With good reason, the anti-Morsi demonstrators believe that the Obama administration is standing by the Muslim Brotherhood-led government against the wishes of the people. “America and the Brotherhood have united to bring down the Egyptian people,” said Hassan Shahin, a member of the Tamarod, or “rebel,” movement.
For example, U.S. Ambassador to Egypt Anne Patterson angered many Egyptians planning to take part in the protests when she said last week at a seminar organized by a Cairo research center:
Some say that street action will produce better results than elections. To be honest, my government and I are deeply skeptical. Egypt needs stability to get its economic house in order, and more violence on the streets will do little more than add new names to the lists of martyrs.
Patterson also reportedly asked that Copt Christians not participate in any street demonstrations against the Morsi regime, even though this religious minority has suffered more persecution while Morsi has been in power than they did during Mubarak’s rule.
George Ishaq, a prominent Egyptian Christian, expressed the anger that many of his fellow Christians must have felt against Ms.

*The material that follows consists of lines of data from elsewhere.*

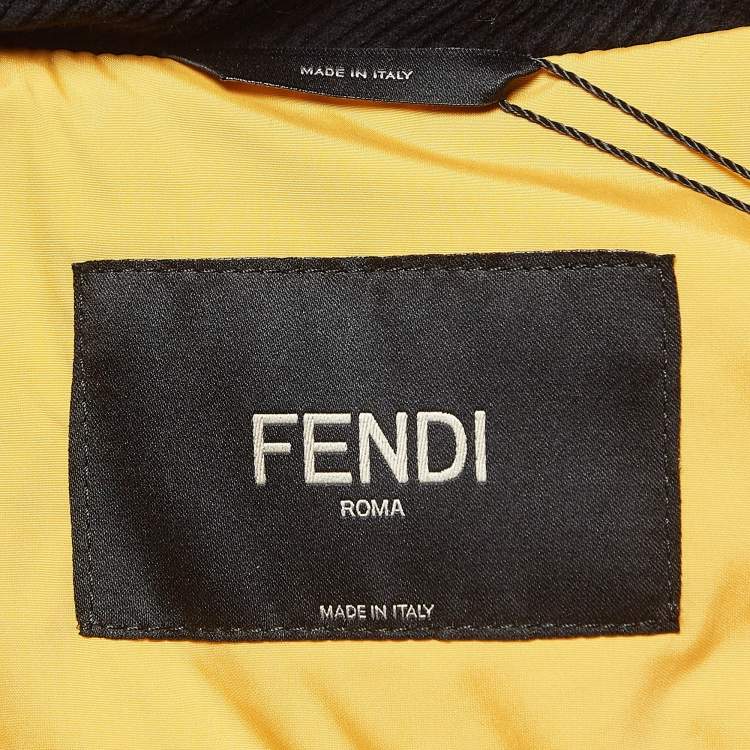 Pre Owned Fendi Colorblocked Corduroy and Nylon Puffer Vest L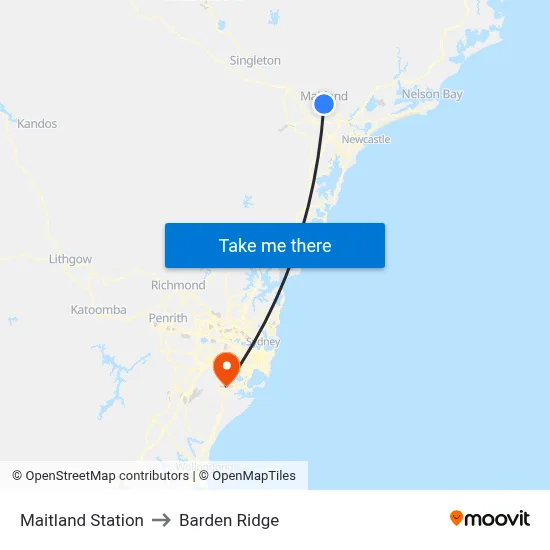 Maitland Station to Barden Ridge map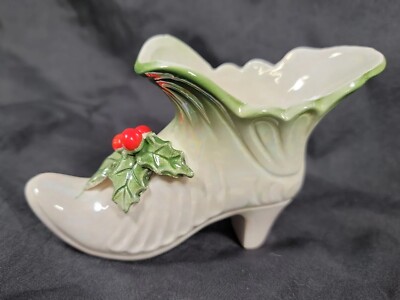 Vintage WOLIN Japan Christmas Holly Berry 3'' Victorian Boot Shoe Vase Planter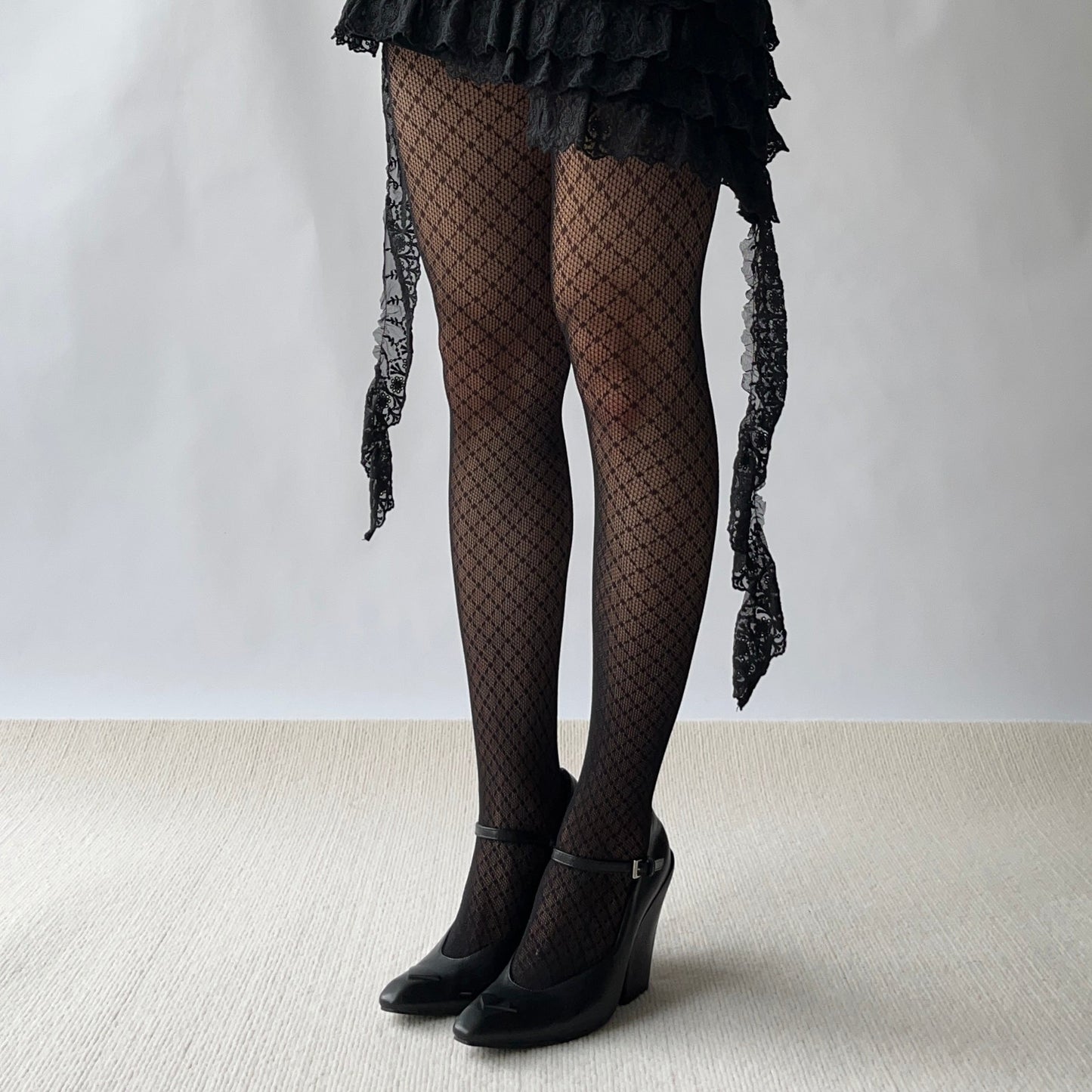 Black Check Pattern Fishnet Tights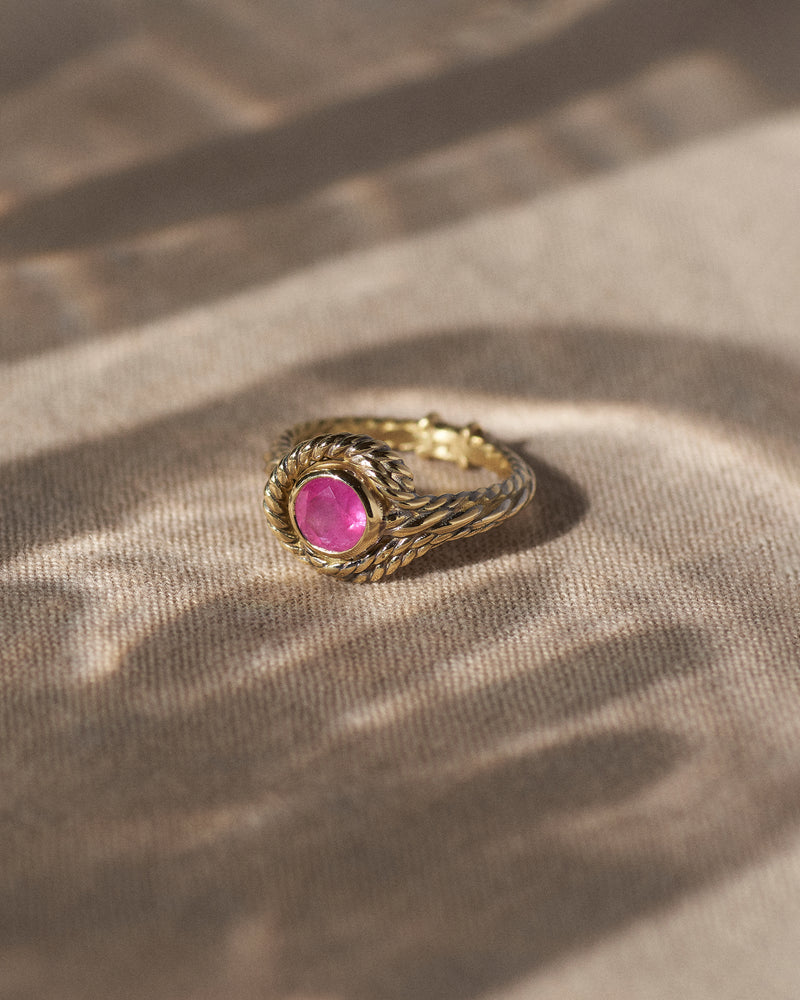 hand carved 18k gold ruby ring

Patterson. He said on the talk show “The Issue” on Al Hayat, a popular satellite channel, that Ambassador Patterson was “an evil lady who is creating divisions. How is this any of her business? If I saw her walking down the street I would tell her, ‘shut up and mind your own business.’”
Christians are not the only minority group being persecuted in Morsi’s Islamist Egypt. Sunni Salafist fanatics attacked members of Egypt’s tiny Shiite minority late last month. Morsi did condemn the mob attacks, which led to the deaths of four Shiites. However, only a week earlier he had sat on stage with Salafist clerics and did not object to their hate-filled speeches against Shiites.

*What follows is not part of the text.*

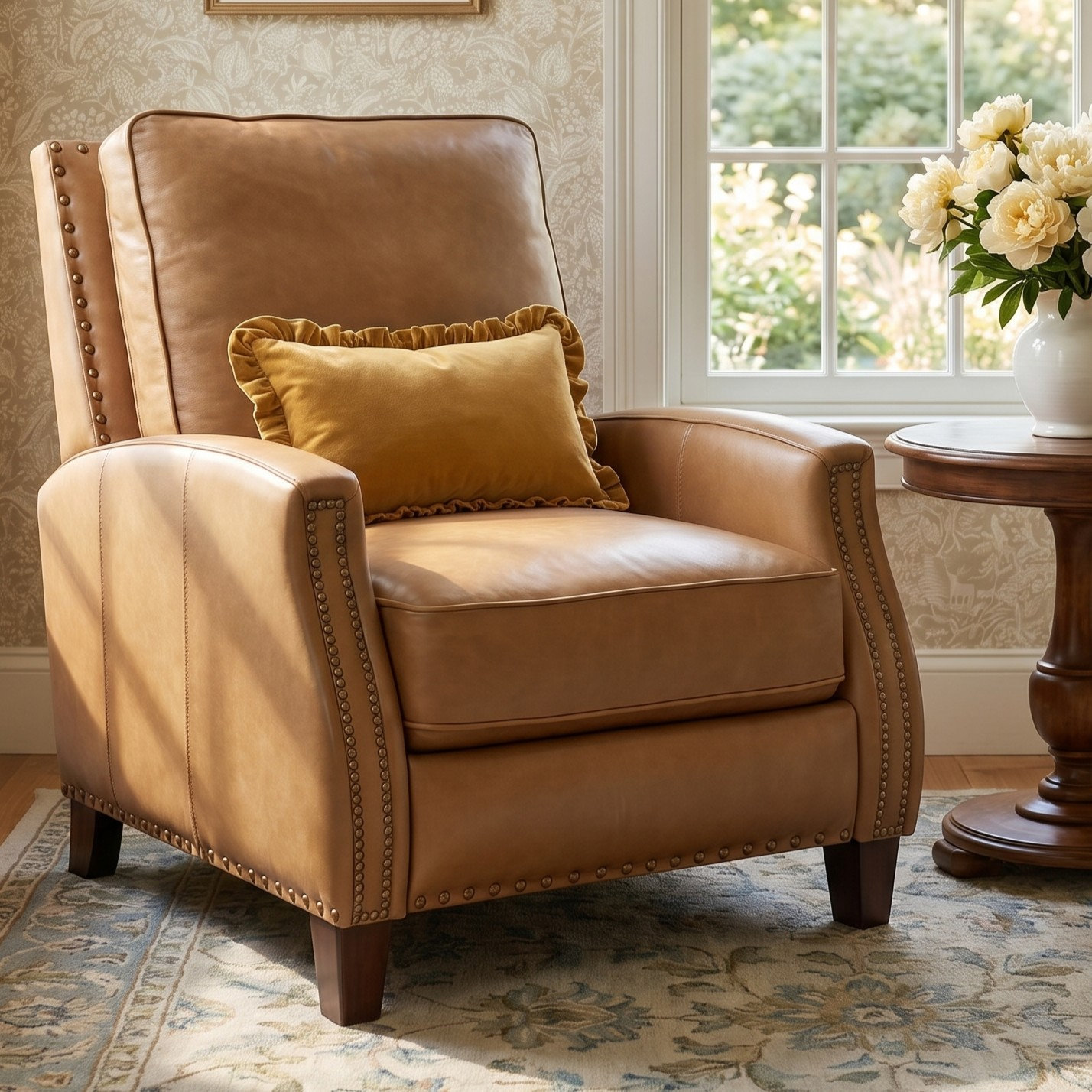 Llewellyn 31" Genuine Leather Manual Recliner, Shoreham Ponytail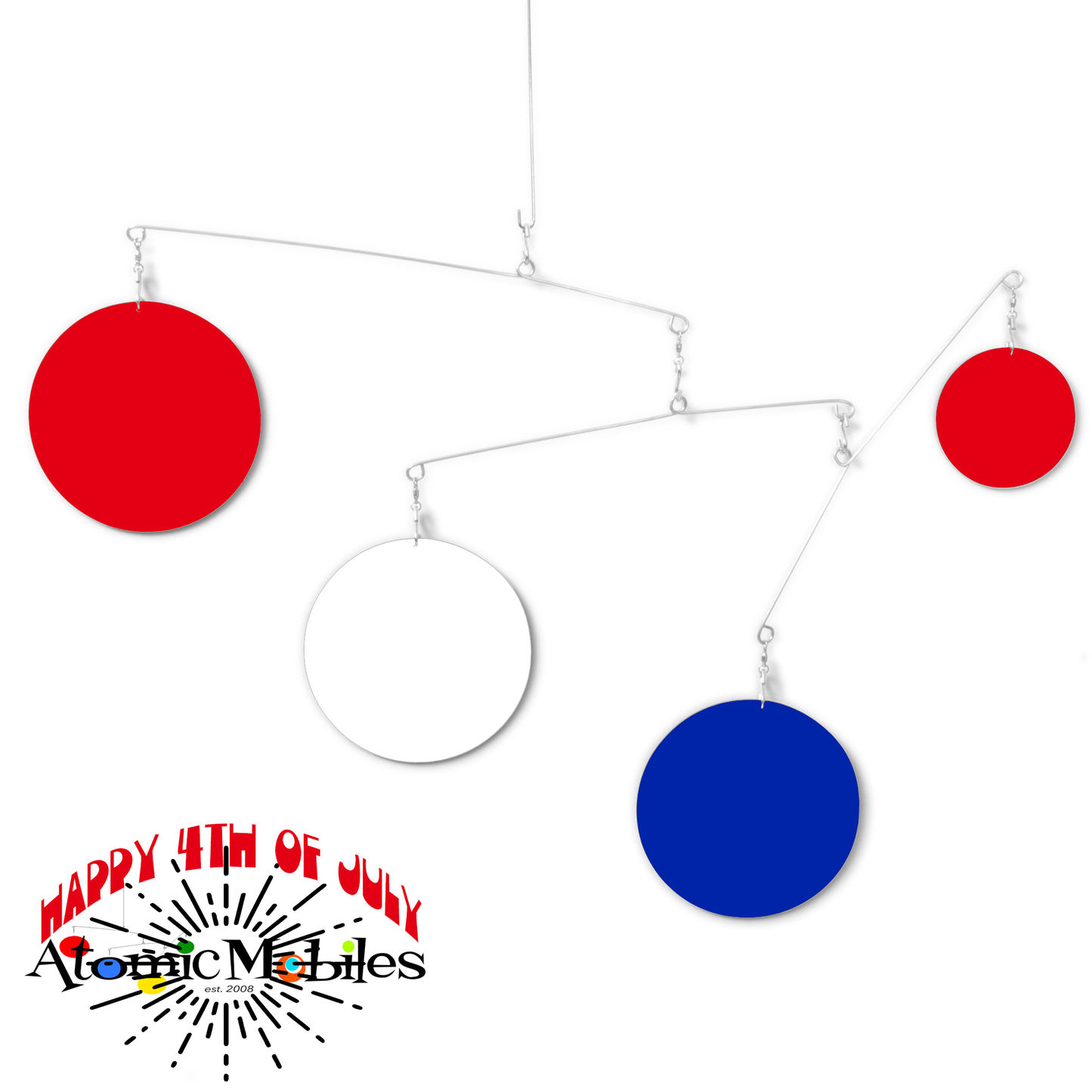 Unique 4th of July Decoration - kinetic hanging art mobile in 4th of July colors of Red White and Blue by AtomicMobiles.com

The Obama administration apparently believes that the elections alone, which brought Morsi and his Muslim Brotherhood comrades to power, are sufficient to insulate them against the will of the people until the next election. While in a truly functioning democracy that would normally be true, Egypt is being run by a government that has used the elections as cover to seize all levers of power and trample on the rights of religious minorities and women.
Despite its paying lip service to protection of such rights, the Obama administration has placed no conditions to speak of on the aid it has given to the Morsi regime. Secretary of State John Kerry just released $1.3 billion in military aid to Egypt, for example. Despite criticizing the Islamist government from time to time for suppressing free expression and not adhering to other fundamental precepts of a genuinely pluralistic democracy, the Obama administration decided to waive any human rights conditions on its $1.3 billion of aid to Egypt. After all, the Morsi regime has been helping to smooth over some conflicts in the Middle East, the Obama administration reasoned, and building viable democratic institutions takes time.